Canada’s central bank’s rate announcement was brief, but had a lot of details for investors to unpack. Bank of Canada (BoC) announced they would be making no changes to rates at this time, as widely expected. Two details did stand out though – housing, and quantitative ease (QE). The central bank is surprised by housing strength, and separately said they would attempt to control yields with QE. While the two points were made separately, the public may perceive the latter as adding fuel to the former.
Not Today – No Changes To Policy Announced
The BoC announced they won’t be making any policy changes today, as widely expected by analysts. The overnight rate remains at the effective lower bound of 0.25%, as does the deposit rate. The bank rate is also still 0.50%. The only indicator that had a slight chance of moving was QE, and it was slim. The central bank announced they would continue with the program at $4 billion per week.
Housing and Economy Doing Better Than Expected
The BoC’s comments on housing were highly anticipated, but notably brief. They only mentioned housing once, saying “housing market activity has been much stronger than expected.”
The economy also surprised the central bank. They said, “the economy is proving to be more resilient than anticipated to the second wave of the virus and the associated containment measures.”

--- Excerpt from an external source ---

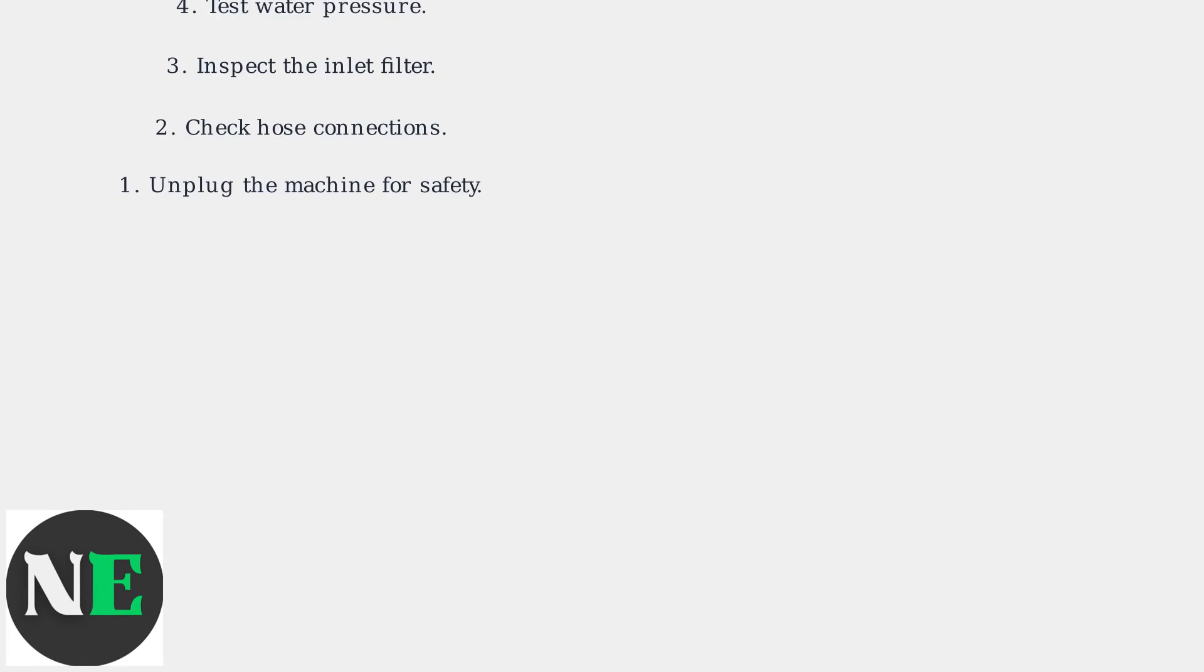If these steps don't resolve the E10 error, contact Bosch service for valve replacement. Regular maintenance, like cleaning the inlet filter, can help prevent this issue.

Even with the better than expected environment, they see “considerable economic slack.” The term means underutilized resources. In this situation, they were largely referencing elevated unemployment levels. He reiterated policy would remain loose until this slack has been absorbed.
The slack will be considered absorbed when employment has improved, and “the 2 percent inflation target is sustainably achieved.” Inflation has an acceptable operating band of 1 to 3 percent, and the BoC is observing it at the bottom of this band. They see it rising “temporarily” to the top of the band over the next few months.
Extra emphasis on temporarily. The central bank has already said a boost to inflation will be due to base effect. It expects inflation to settle at a lower lever after the comparison period smoothes, before hitting the ideal target. The BoC doesn’t see that occurring until at least 2022.
QE Will Be Used To Try And Keep Rates Low
Circling back to those QE purchases, the governor stated they would maintain the level “to reinforce this commitment and keep interest rates low across the yield curve.” Adding, “the Bank will continue its QE program until the recovery is well underway.”
The BoC’s message today may already be stale in the fast moving economy. The forecast with 2022 as the year of recovery is from January. RBC had stated they see revisions to this forecast, as the economy outperforms.
No changes were expected today, but the RBC economist said they’re watching bonds in April. If they see a reduction in QE then, it would be considered a sign of tightening “overly loose” monetary policy. That confirmation of the economy outperforming may lead to a hike in rates sooner than 2022.